Só que aí eu conheci a Camila e o Pedro. Em Milão, lembra? Desembarquei na vida de um casal mais jovem do que eu, mas que soma 12 anos de relacionamento. Provavelmente, eles não tenham cruzado com outras tantas paixões pela vida. Mas se encontraram. Um encontro de almas. De "eus", como diria Messiê Loyal. Quando Deus marca presença entre duas pessoas é difícil que forças exteriores sejam capazes de perturbar. Ele tem 1m90cm, ela tem pouco mais de 1m50cm. Ele tem olho claro e um ar bonachão que só. Ela é morena e, como boa baixinha, um tanto enfezada. Ele gosta de salgado. Ela ama doces. Juntos decidiram que gostariam de enfrentar o mundo. Assim o foi. E neste momento, enquanto ela cuida o bolo de cenoura no forno, ele rala o queijo para a lasanha. Em silêncio. Mas com a maior sinergia que já presenciei entre um casal da nossa geração que está há tantos anos compartilhando o mesmo espaço.

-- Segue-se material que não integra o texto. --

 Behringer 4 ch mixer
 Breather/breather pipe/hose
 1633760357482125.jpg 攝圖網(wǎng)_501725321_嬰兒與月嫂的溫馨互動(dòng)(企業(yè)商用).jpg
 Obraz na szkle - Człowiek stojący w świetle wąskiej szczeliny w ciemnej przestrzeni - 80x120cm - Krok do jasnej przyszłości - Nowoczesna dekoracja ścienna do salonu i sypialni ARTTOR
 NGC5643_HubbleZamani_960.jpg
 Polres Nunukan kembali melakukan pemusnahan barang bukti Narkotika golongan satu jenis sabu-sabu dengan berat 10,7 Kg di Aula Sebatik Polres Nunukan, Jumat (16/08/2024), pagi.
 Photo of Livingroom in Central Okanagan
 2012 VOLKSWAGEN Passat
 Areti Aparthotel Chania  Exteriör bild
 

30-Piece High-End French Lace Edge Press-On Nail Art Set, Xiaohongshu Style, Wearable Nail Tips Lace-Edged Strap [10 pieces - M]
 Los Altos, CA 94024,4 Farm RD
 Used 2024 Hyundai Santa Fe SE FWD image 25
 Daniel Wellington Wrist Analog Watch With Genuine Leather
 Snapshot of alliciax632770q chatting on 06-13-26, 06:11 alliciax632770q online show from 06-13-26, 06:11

Com quatro dias de ingresso grátis, assisti ao amor da primeira fileira. Vi ele ali. Juro. Quase ao vivo e em cores. Em olhares conectados, cafés preparados, listas de supermercado e histórias relatadas em jogral. Percebi ele ali, pois o dinheiro estava contado, chovia lá fora, a família estava bem longe e o emprego não apareceu tão fácil quanto esperavam. Mas havia cuidado. Carinho oficial e troca de impulsos. Havia tudo o que um podia dar e outro poderia e queria receber. Não captei dúvidas. Encontrei corações calmos que, para mim, é a efetiva serventia do amor. A Camila e o Pedro ainda não têm completa certeza do futuro e nem de como será o retorno ao Brasil, mas já sabem que querem compartilhar uma bancada. Com um lado para salgado. Outro para doce.
Essa vida é mesmo muito louca... eu achando que não veria nada de novo em Milão. Talvez, o amor não seja para mim – e, pare de ser tão clichê, não se lamente por isto, ok? Mas, voltei a acreditar que ele existe.